#### Description of the task:
Your response should be an exact reproduction of the data below, beginning at the line containing "Peugeot 208 1.6" and ending with the final line.

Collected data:
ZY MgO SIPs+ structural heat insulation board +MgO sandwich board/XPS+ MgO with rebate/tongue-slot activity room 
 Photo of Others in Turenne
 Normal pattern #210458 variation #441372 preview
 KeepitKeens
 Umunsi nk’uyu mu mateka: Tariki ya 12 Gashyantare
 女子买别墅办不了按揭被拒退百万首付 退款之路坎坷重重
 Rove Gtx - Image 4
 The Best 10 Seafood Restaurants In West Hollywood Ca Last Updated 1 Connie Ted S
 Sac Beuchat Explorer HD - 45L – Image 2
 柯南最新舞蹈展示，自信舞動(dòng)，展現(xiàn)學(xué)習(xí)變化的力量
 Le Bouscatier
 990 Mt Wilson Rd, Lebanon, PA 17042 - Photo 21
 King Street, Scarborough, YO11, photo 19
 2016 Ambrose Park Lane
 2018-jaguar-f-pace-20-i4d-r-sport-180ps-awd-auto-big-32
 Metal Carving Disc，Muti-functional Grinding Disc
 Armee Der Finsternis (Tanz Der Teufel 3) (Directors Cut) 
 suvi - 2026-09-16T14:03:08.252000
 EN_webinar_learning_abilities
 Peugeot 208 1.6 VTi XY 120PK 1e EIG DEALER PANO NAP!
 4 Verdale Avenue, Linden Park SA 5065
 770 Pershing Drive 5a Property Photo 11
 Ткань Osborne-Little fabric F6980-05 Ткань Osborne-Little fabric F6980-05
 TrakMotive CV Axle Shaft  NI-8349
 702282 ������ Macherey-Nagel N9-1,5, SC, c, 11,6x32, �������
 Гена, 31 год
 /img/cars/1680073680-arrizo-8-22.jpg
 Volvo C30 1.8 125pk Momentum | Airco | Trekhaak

#### Written answer:
 Peugeot 208 1.6 VTi XY 120PK 1e EIG DEALER PANO NAP!
 4 Verdale Avenue, Linden Park SA 5065
 770 Pershing Drive 5a Property Photo 11
 Ткань Osborne-Little fabric F6980-05 Ткань Osborne-Little fabric F6980-05
 TrakMotive CV Axle Shaft  NI-8349
 702282 ������ Macherey-Nagel N9-1,5, SC, c, 11,6x32, �������
 Гена, 31 год
 /img/cars/1680073680-arrizo-8-22.jpg
 Volvo C30 1.8 125pk Momentum | Airco | Trekhaak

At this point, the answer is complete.